FIRE implied Lewis and Clark could become a target for a federal investigation. It noted that two Republican senators, Tom Cotton of Arkansas and Kelly Loeffler of Georgia, formally asked the Department of Justice to investigate schools including the University of Michigan-Dearborn and University of Kentucky for segregating students by race in discussion and training events.
The college disputes FIRE’s claims that the “Engage in Racial Justice” workshop was mandatory, even though the orientation schedule says it is “Mandatory for all new students.” Its registration form also “required” students to select “your identified race” from a drop-down menu.
A college spokesperson told The Fix that students gave the workshop “positive” evaluations, but did not answer why Asher’s emails went unanswered.
FIRE’s post on the workshop was “misleading,” Director of Public Relations Roy Kaufmann wrote in a Friday email that reiterated the college’s response to FIRE:
More important though is this: diversity, equity, and inclusion are core values of our strategic plan. Moreover, our community demands that we do more around these issues. Students — current and prospective — expect it.
Asher previously co-led an effort to adopt a version of the University of Chicago’s free-speech principles, after far-left students tried to shut down an event at the Lewis and Clark Law School. He has also blamed education schools for the radicalization of college administrators.
‘As a possible activity for new students, this is fine’
The college brought in the Portland-based group Race Talks to run the Aug. 29 virtual workshop, which was scheduled to run three hours and 45 minutes.
The registration page explains that it will use “affinity groups as a way to create safe spaces for people to speak openly and honestly about race and racism.”
Students must choose between black, white and indigenous/people of color categories in order to register. Every field on the page is marked “required,” including “preferred pronouns” and “accessibility features” students may need. (The term “preferred pronouns” is itself polarizing among activists on pronoun etiquette.)
Asher (left) started asking questions about the workshop based on its written description two days before it took place. He “stumbled on” the Race Talks workshop while trying to answer a student’s question, he wrote to the faculty listserv Aug. 27.
He called Race Talks “a highly partisan organization” and noted the registration form requires students to self-select into “affinity groups” by race.
“As a possible activity for new students, this is fine,” he continued. “But the schedule describes this meeting as ‘mandatory for all new students.’” Asher asked colleagues if anyone could confirm the mandatory status of the meeting.
“I thought the whole point of an ‘affinity group’ was that one couldn’t be told whom one has an affinity for,” he wrote a colleague who responded to the message. “Not based on one’s genitals,” as with arguments against gay marriage, and “not based on one’s color.” (Asher asked The Fix not to identify the colleague.)
This time he asked the listserv if “someone in the administration” could check whether the “mandatory” designation on the schedule was intentional and if the general counsel had reviewed it.

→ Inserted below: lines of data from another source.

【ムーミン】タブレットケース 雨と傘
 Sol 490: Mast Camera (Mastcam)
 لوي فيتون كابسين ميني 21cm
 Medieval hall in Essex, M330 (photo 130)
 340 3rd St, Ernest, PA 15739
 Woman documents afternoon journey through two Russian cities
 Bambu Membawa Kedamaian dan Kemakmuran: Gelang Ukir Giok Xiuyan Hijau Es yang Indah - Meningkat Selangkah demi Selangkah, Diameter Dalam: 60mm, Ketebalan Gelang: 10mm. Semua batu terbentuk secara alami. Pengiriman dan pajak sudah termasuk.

Less than two hours after his first message, Asher forwarded the message to Wiewel and Reese directly, urging the president and general counsel to look into the event. “I hope that the [new student orientation] organizers can see that they just made a mistake in making the event mandatory, and notify students accordingly,” he wrote.
‘Far too similar’ to educational segregation banned by Supreme Court
FIRE’s Oct. 6 letter to President Wiewel, only made public last week, said the Race Talks workshop was “far too similar … for comfort” to a law school’s decision to separate a black student from his non-black peers in the same room. The Supreme Court struck down the practice in 1950.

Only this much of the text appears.